8.1 Long-Term Risks¶
Chronic lead exposure: Hypertension, renal failure, infertility. Arsenic: Skin/lung cancer, cardiovascular disease. Cadmium: Osteomalacia, renal failure, lung cancer. Mercury: Neurological deficits.
8.2 Cardiovascular Risks¶
Arsenic, lead, and cadmium are risk factors for hypertension, atherosclerosis, and coronary artery disease. Chronic exposure increases mortality from cardiovascular events.
9. SPECIAL CONSIDERATIONS¶
Pregnancy: Lead crosses the placenta, causing fetal neurodevelopmental delays. Children: Blood lead levels <10 µ g/dL are recommended. Elderly: Increased risk of renal failure from metal toxicity. Occupational exposure requires regular monitoring and removal at BPb >40 µ g/dL.

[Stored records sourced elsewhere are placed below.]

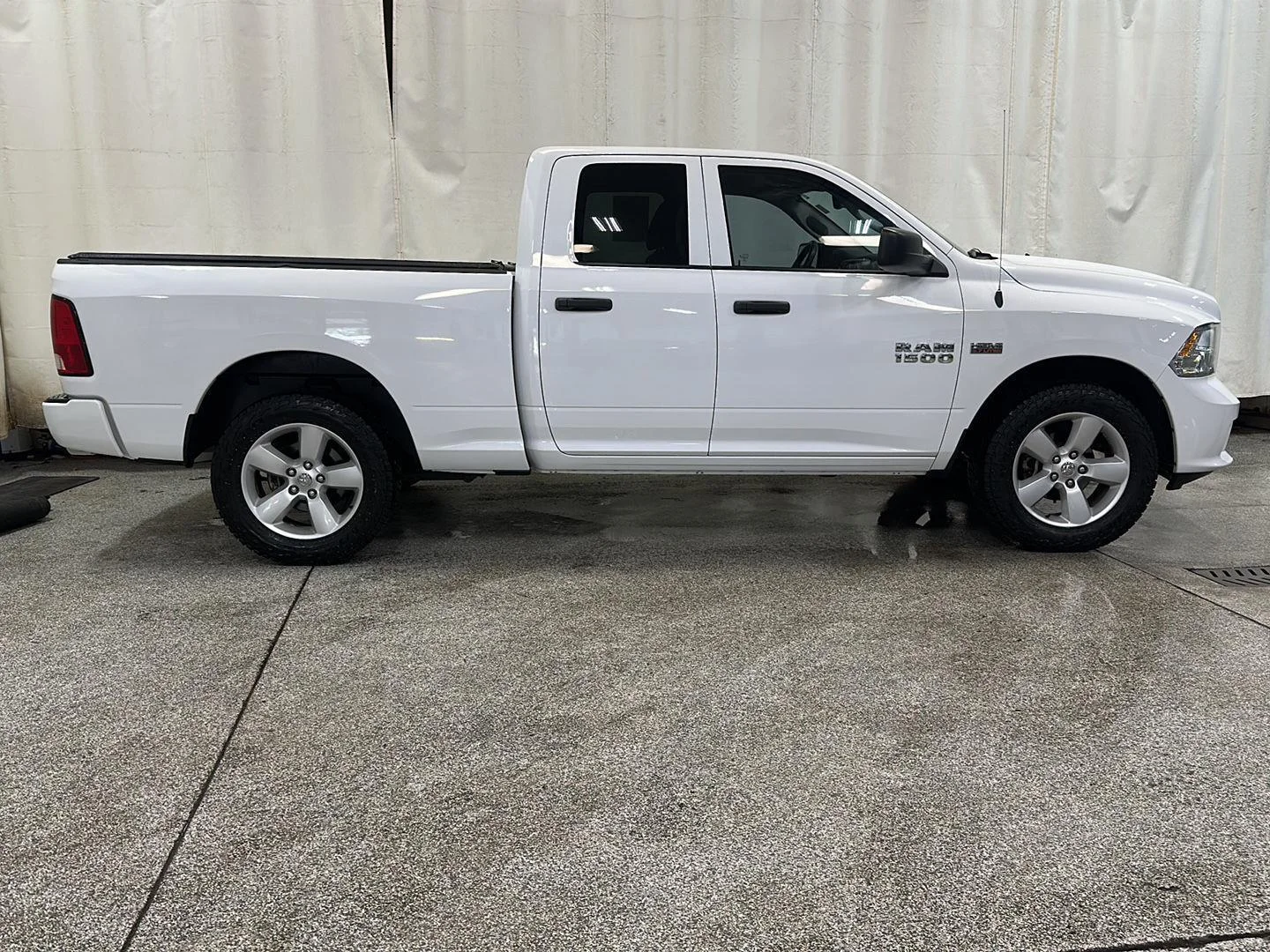 Used 2016 Bright White Clearcoat Ram Express image 6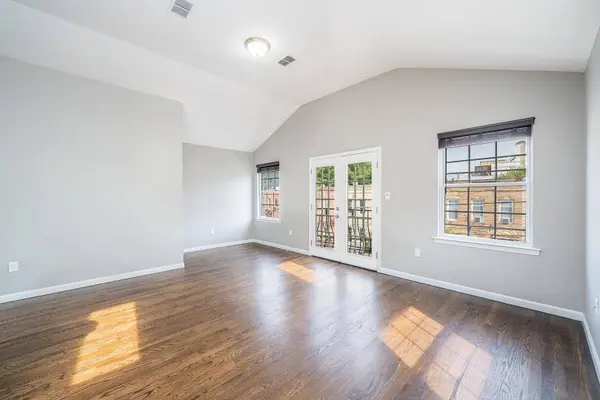 271.5 GRANT AVE #2, Jc West Bergen, NJ 07305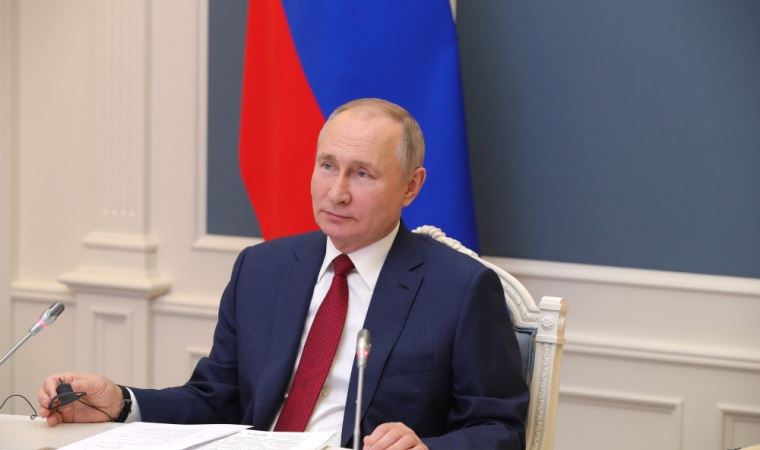 Putin’den sosyal medya tekellerine: Akıllarınca kamu yönetimi yapmaya çalışıyorlar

9.1 Pregnancy & Pediatrics¶
Maternal bone lead predicts lower birth weight. Fetal mercury exposure from fish consumption may cause cognitive deficits. Calcium supplements reduce maternal bone lead mobilization.
9.2 Occupational Safety¶
OSHA mandates regular blood lead testing. Workers with BPb >40 µ g/dL must be removed from exposure. Lead-exposed workers require monitoring for renal and neurological complications.
10. KEY POINTS & CLINICAL PEARLS¶
- Chelation therapy is critical for acute poisoning but controversial for chronic exposure. 2. Bone lead levels (KXRF) better reflect cumulative exposure than blood levels. 3. Mercury poisoning requires immediate chelation due to its neurotoxic potential. 4. Nutritional deficiencies (iron, calcium, zinc) increase metal absorption. 5. Environmental intervention is essential for long-term management of chronic metal toxicity.